Thursday, July 14, 2016

Morale? Perhaps, But Intrigue for Sure

Background: July 2016

"US navy researchers conduct tests to grow vegetables on submarines

 The $100,000 research project was born out of a hackathon at the Under Sea Warfare Center where sailors said they wanted salads to be served on submarines. Holman said providing fresh food will act as a morale booster and help the navy retain sailors. ...Fresh vegetables only last the first seven to 10 days of submarine deployment, which tend to be three months. After that, sailors have to resort to frozen fruit and vegetables."


note 1- The "hackathon" began ...[in Oct. 2014] when 35 NUWC scientists and engineers pitched 47 ideas in response to four undersea technology challenges: submarine stealth, platform design, payload technology and sailors’ quality of life.

note 2 -  The main hurdle facing Holman will be how to get the gardens onto submarines that have limited space. He is confident the current 40ft shipping container could be scaled down but submariners he’s spoken with have expressed doubt. 


Submarine Quote of the Week 

note 3- Retired navy captain Ronald Steed, a former sub skipper, expressed doubts over how much it could feed a crew of 170 on board a submarine for three months.
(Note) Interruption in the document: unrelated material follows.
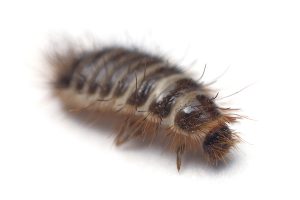 Professional Carpet Cleaning and Pest Control Packages Brisbane - Carpet Beetle Close Up 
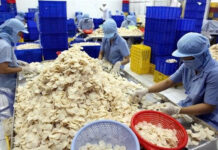 What is Vinh Hoan’s Subsidiary Planning to Do with Nearly VND 465 Billion in Capital Raising?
[I]t would be a real challenge to fit a garden on a submarine, where space is extremely tight, “but if they could do it, that would be awesome”. - Ronald Steed, former sub skipper [ibid.]  

A Lame Cover Story at Best 

How so, we may ask?

We should not confuse NASA's zero-gravity and elevated radiation crop production research to enable human space pioneering with submarine hydroponics (although space limitations are similarly constraining).  Much of NASA's research has been done here on the planet as shown in the photo below.  
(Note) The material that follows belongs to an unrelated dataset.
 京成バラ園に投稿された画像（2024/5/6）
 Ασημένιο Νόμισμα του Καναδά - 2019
note 4-  One of the earliest hydroponics successes dates from 1936. Wake Island was used as a refuelling stop for Pan American Airlines (due to the long distances of Pacific flights. Hydroponics provided vegetables for passengers because Wake Island had virtually no soil and it was also too expensive to airlift in fresh vegetables at the time.

note 5-  Fast forward to 2016. There is hardly a need to re-invent innovations like this one, which already exists:

What then might be the purpose of such a ridiculous cover story?
  •  Could explain frequent loading and offloading of suspicious shipping containers around the globe (e.g. labeled "HYDROPONICS")
  •     The more such containers are observed, the less conspicuous they would appear to observers.
  •     Fits nicely with recent assignment of women to subs. Should anyone be surprised if the underlying "salad research" persists for years?
note 4-  Some of Vigilis's shipmates recall the frog discovered by their culinary staff among fresh salad greens barged in as we "anchored out" from Naples.  Yes, "it" was excellent for our submariners' morale!

Submarines are always silent and strange.